Content aside, the strength of Material Girls is in its clear language and incisive (and often humorous) use of analogy. For instance, "People used to think whales weren't mammals; this doesn't mean mackerel are mammals now." Those already involved in the gender identity debate will know what this analogizes; those not involved should read Stock's book to find out.

Stock takes us through the history of gay rights activism and how it has led to this point in feminist history. She defines all of her terms and concepts, which is the bipolar opposite approach to academics who, as Stock describes, attempt to convolute meanings or abolish entire concepts in misguided attempts at "inclusivity." She introduces us to the "immersive fiction," an underexamined idea in the gender identity culture war. She approaches autogynophelia—a male sexual fetish about seeing oneself as female—impartially, to the chagrin, I'm sure, of "kink-shaming" feminists.

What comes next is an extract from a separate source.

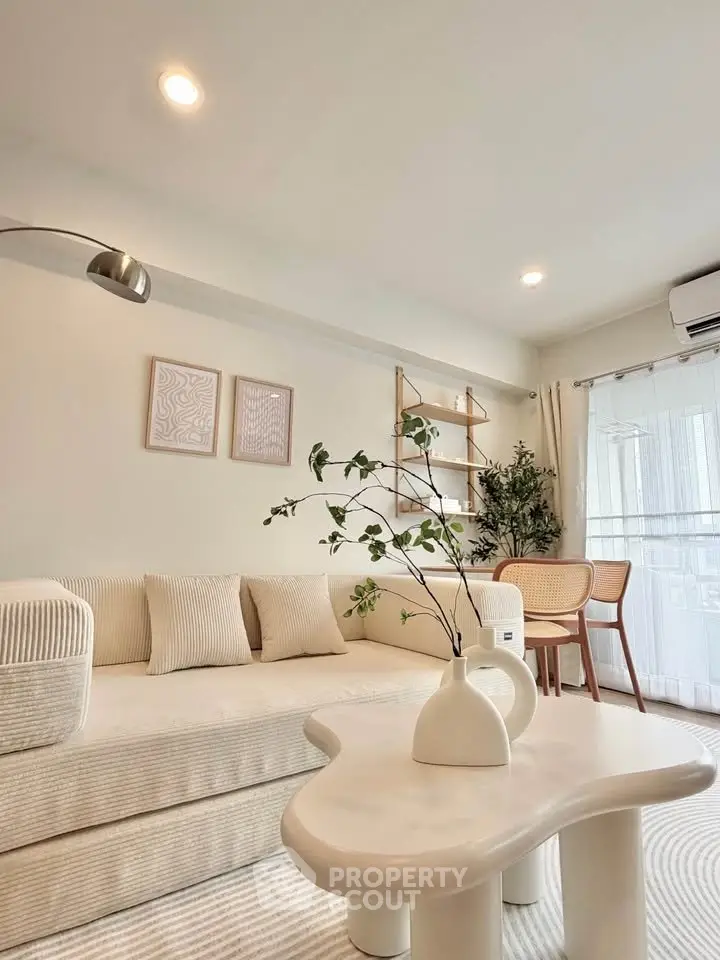 Stylish modern living room with cozy sofa and elegant decor, perfect for relaxation and entertaining.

Before tucking into Material Girls, I tried to ignore the minor Twitter furore over the book. The gist: some felt Stock was being too nice to trans activists and too lenient with their ideology. I didn't think so. I think that for those of us enmeshed in "gender critical feminism," we can be vexed by a temperate approach to the issues.

We see the worst of the culture war, and it rightly makes us angry; it makes us want to rail against gender identity ideology at every opportunity. But think of the uninitiated, for it is they who really need to read Stock's work. And Stock's clean, neutral reasoning is precisely the approach that will help us out of this mess, by revealing the truth from outside of the activist vacuum so many of us find ourselves in.

As an aside and final note, I nearly stood up from reading when Stock challenged arguments from Douglas Murray's The Madness of Crowds—what I wouldn't give to see these two have a public debate! Please, someone, do the world a favour and arrange this.